You question me as to the nature of the benefits conferred upon me by Mr. E.’s preaching. I answer, that his influence has been more beneficial to me than that of any American, and that from him I first learned what ill meant by an inward life. Many other springs have since fed the stream of living waters, but he first opened the fountain. That the “mind is its own place,” was a dead phrase to me, till he cast light upon my mind. Several of his sermons stand apart in memory, like landmarks of my spiritual history. It would take a volume to tell what this one influence did for me. But perhaps I shall some time see that it was best for me to be forced to help myself.
Some remarks which I made last night trouble me, and I cannot fix my attention upon other things till I have qualified them. I suffered myself to speak in too unmeasured terms, and my expressions were fitted to bring into discredit the religious instruction which has been given me, or which I have sought.
I do not think “all men are born for the purpose of unfolding beautiful ideas;” for the vocation of many is evidently the culture of affections by deeds of kindness. But I do think that the vocations of men and women differ, and that those who are forced to act out of their sphere are shorn of inward and outward brightness.
For myself, I wish to say, that, if I am in a mood of darkness and despondency, I nevertheless consider such a mood unworthy of a Christian, or indeed of any one who believes in the immortality of the soul. No one, who had steady faith in this and in the goodness of God, could be otherwise than cheerful. I reverence the serenity of a truly religious mind so much, that I think if I live, I may some time attain to it.
Although I do not believe in a Special Providence regulating outward events, and could not reconcile such a belief with what I have seen of life, I do not the less believe in the paternal government of a Deity. That He should visit the souls of those who seek Him seems to me the nobler way to conceive of his influence. And if there were not some error in my way of seeking: I do not believe I should suffer from languor or deadness on spiritual subjects, at the time when I have most need to feel myself at home there. To find this error is my earnest wish; and perhaps I am now travelling to that end, though by a thorny road. It is a mortification to find so much yet to do; for at one time the scheme of things seemed so clear, that, with Cromwell, I might say, “I was once in grace.” With my mind I prize high objects as much as then: it is my heart which is cold. And sometimes I fear that the necessity of urging them on those under my care dulls my sense of their beauty. It is so hard to prevent one’s feelings from evaporating in words.

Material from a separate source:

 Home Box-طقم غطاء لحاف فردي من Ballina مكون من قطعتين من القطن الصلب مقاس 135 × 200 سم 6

“The faint sickness of a wounded heart.” How frequently do these words of Beckford recur to my mind! His prayer, imperfect as it is, says more to me than many a purer aspiration. It breathes such an experience of impassioned anguish. He had everything,—health, personal advantages, almost boundless wealth, genius, exquisite taste, culture; he could, in some way, express his whole being. Yet well-nigh he sank beneath the sickness of the wounded heart; and solitude, “country of the unhappy,” was all he craved at last.
Goethe, too, says he has known, in all his active, wise, and honored life, no four weeks of happiness. This teaches me on the other side; for, like Goethe, I have never given way to my feelings, but have lived active, thoughtful, seeking to be wise. Yet I have long days and weeks of heartache; and at those times, though I am busy every moment, and cultivate every pleasant feeling, and look always upwards to the pure ideal region, yet this ache is like a bodily wound, whose pain haunts even when it is not attended to, and disturbs the dreams of the patient who has fallen asleep from exhaustion.

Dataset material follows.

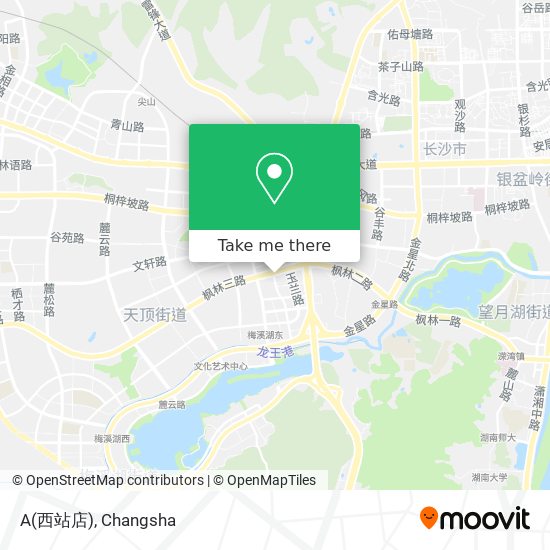 A(西站店) map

There is a German in Boston, who has a wound in his breast, received in battle long ago. It never troubles him, except when he sings, and then, if he gives out his voice with much expression, it opens, and cannot, for a long time, be stanched again. So with me: when I rise into one of those rapturous moods of thought, such as I had a day or two since, my wound opens again, and all I can do is to be patient, and let it take its own time to skin over. I see it will never do more. Sometime ago I thought the barb was fairly out; but no, the fragments rankle there still, and will, while there is any earth attached to my spirit. Is it not because, in my pride, I held the mantle close, and let the weapon, which some friendly physician might have extracted, splinter in the wound?

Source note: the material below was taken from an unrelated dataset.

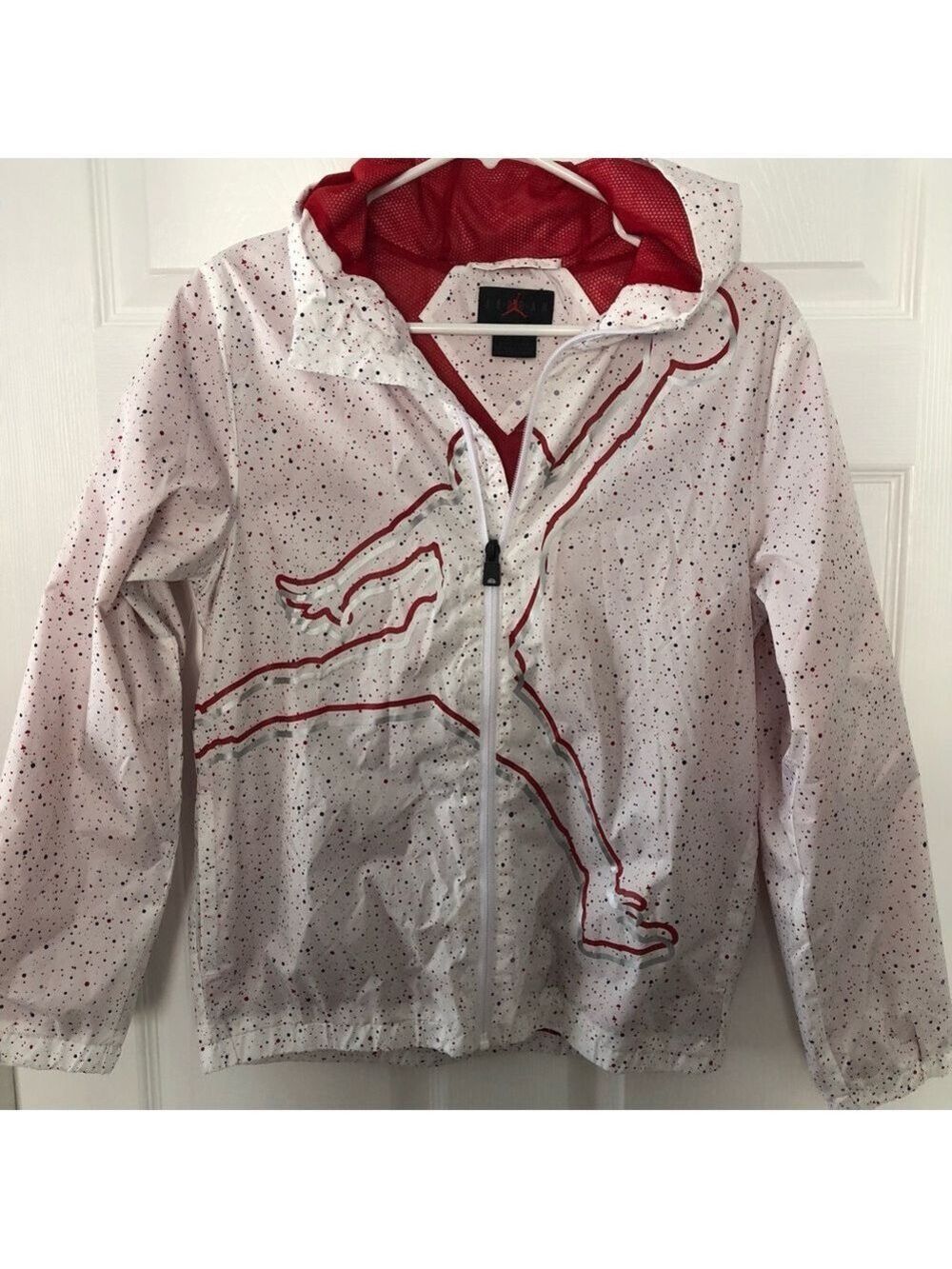 Youth Size L Jordan Nike Boys Mashup Jumpman Classic Windwear FZ Jacket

Sunday, July, 1838.—I partook, for the first time, of the Lord’s Supper. I had often wished to do so, but had not been able to find a clergyman,—from whom I could be willing to receive it,-willing to admit me on my own terms. Mr. H— did so; and I shall ever respect and value him, if only for the liberality he displayed on this occasion. It was the Sunday after the death of his wife, a lady whom I truly honored, and should, probably, had we known one another longer, have also loved. She was the soul of truth and honor; her mind was strong, her reverence for the noble and beautiful fervent, her energy in promoting the best interests of those who came under her influence unusual. She was as full of wit and playfulness a1 of goodness. Her union with her husband was really one of mind and heart, of mutual respect and tenderness; likeness in unlikeness made it strong. I wished particularly to share in this rite on an occasion so suited to bring out its due significance.